4 Responses to “Chercheurs/enseignants-chercheurs : les perdants du régime indemnitaire”

  1. Oui pour revaloriser les salaires ds l’ESR mais attention au système des primes qui est aussi un attrape couillon car pas de cotisation à la retraite!
    Et en tant que retraité je peux témoigner de la chute occasionnée entre des revenus constitués de salaires et primes et la retraite. Mais bon je ne vais pas me plaindre qd on voit la situation de nombreuses personnes comme le montre le mouvement social en cours.
    D’une façon générale c’est tout le système de primes de la fonction publique qu’il faut revoir.
    Pour l’anecdote regardez ce qui se passe en interne au CNRS entre les catégories chercheurs et ingénieurs: pour arriver à des revenus équivalents sur des fonctions comparables les ingénieurs ont un salaire plus faible et de bcp mais des primes bien plus fortes!! Pourquoi ce double système stupide? Au CEA pas le même souci par exemple! Pour comprendre il faut remonter assez loin et voir le choix de certains syndicats!

    • Je montre simplement qu’au sein de la fonction publique, le régime indemnitaire est désormais totalement en défaveur des chercheurs/enseignants-chercheurs.

  2. Il y a encore des jeunes qui veulent faire enseignant-chercheur ou chercheur ? C’est surprenant ! Pourquoi de très longues études pour être recruté à plus de 35 ans en moyenne, et pour un salaire d’employé.
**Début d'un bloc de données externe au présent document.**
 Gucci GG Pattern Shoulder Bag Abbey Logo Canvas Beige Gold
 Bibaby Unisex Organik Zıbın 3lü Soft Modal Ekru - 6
Il faut être maso !

    Les primes, ce n’est pas important. Ce sont la valeur du point d’indice et son évolution qui le sont. La dégradation du pouvoir d’achat depuis 50 ans est phénoménale et bien sûr irréversible.

    Je suis recruté au CNRS en octobre 1969 ; j’avais 25 ans. Mon salaire mensuel net : 3 fois et demi le SMIG de 1968 après les grèves (500 francs).

    Quand on parviendra en universités_2024, ce sera encore pire qu’aujourd’hui. On n’a même pas besoin de parier !

  3. Par parenthèse, ce sont tous les salaires dans l’éducation nationale (de la maternelle à l’université, pour reprendre un vieux slogan syndical) et la recherche qui sont en France nettement en dessous de leurs niveaux dans les pays comparables, notamment en Europe, comme le montrent toutes les comparaisons internationales (au moins en termes de salaires de début; il faudrait voir sur toute une carrière).
    Comme l’a montré Robert Gary Bobo il y a quelques années dans une étude très bien documentée, il y a toujours eu en France un arbitrage en faveur du nombre de postes créés dans l’éducation nationale, au détriment du niveau des rémunérations. A tous les niveaux. Grave erreur dont nous payons aujourd’hui le prix en termes d’attractivité des métiers d’enseignement. Le statut de la fonction publique, qui de facto rend quasi impossible tout glissement indiciaire d’une catégorie de personnels sans ajuster toutes les autres n’y est tout de même pas étranger. Appelons tout de même un chat un chat!